To find a counterpart, I suspect we need to look back not to the Roaring Twenties or the Gilded Age of the Industrial period, but further to the landed aristocracy of the agrarian Middle Ages. While that aristocracy was based on land—the proper form of wealth in an agrarian era—today’s aristocracy is based on market wealth, a wealth that manipulates markets rather than produce goods that improve the lives of people. Just as the landed barons controlled the government of the Middle Ages, the corporate/finance barons are attempting to control democratic government today, rending it in the words of one presidential candidate, “inconsequential” and opening the door to direct corporate control.
Ultimately, I suspect, this is what the Occupy Wall Street demonstrators are really rallying against. And, I further suspect, it is what concerned the Tea Party before they were taken over by the plutocrats. At its most absolute, the fight, is not just to determine which political party will control government. The fight is for idea of democracy itself.
That said, it is absolutely essential that people not drift to extremes. Neither a corporate plutocracy, in which government is inconsequential, nor a socialist government, in which the market is controlled centrally, are likely to produce long-term health for society. What has proven to be successful—and which made the United States the most successful country in the world for most of the 20th century—according to Sachs is a mixed economy, in which corporations are generally free to produce goods and service and the government serves to do those things that are necessary for a happy life but that do not produce profit: build roads and train systems, create levees and dams to control rivers and avoid floods, fund basic research that often has no immediate profit value. And, I would add, regulate the activities of corporations only so that they do not work against the best interests of the population as a whole.
Ultimately, we need to focus not on the extremes, but on the balance—the mix, if you will—between these two aspects of a healthy democratic society. Government and business are the Yin and Yang of a successful economy. Together—as we found in the half-century between the Great Depression and the Reagan Revolution—they can create a wonderful society. As we have seen elsewhere in the world, without that balance one gets failure at either extreme, whether it be the socialism of the USSR or the plutocratic oil dictatorships of the Middle East that are now being dismantled by the Arab Spring.
Moderation, rather than extreme idealogy, is the key. We need to reward politicians who have a long view and who are able to see the value of a diverse American “us.”

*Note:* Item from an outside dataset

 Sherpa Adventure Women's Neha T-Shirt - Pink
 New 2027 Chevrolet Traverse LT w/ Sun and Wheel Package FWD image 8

I think there is more to it than just plutocracy. The rich have had disproportionate influence for a long time. The very low tax and government spending positions, in contrast, are rather new. I believe it is plutocracy plus a large but unspoken pessimism about America's future, to the point where it is better to "cash in one's chips" than to keep playing the game and invest in the future. The plutocracy should still be rational. We keep talking about the share of the wealth as opposed to the absolute wealth level. It's the latter that the plutocracy should want to maximize. With a more optimistic vision, they could do that by paying more taxes.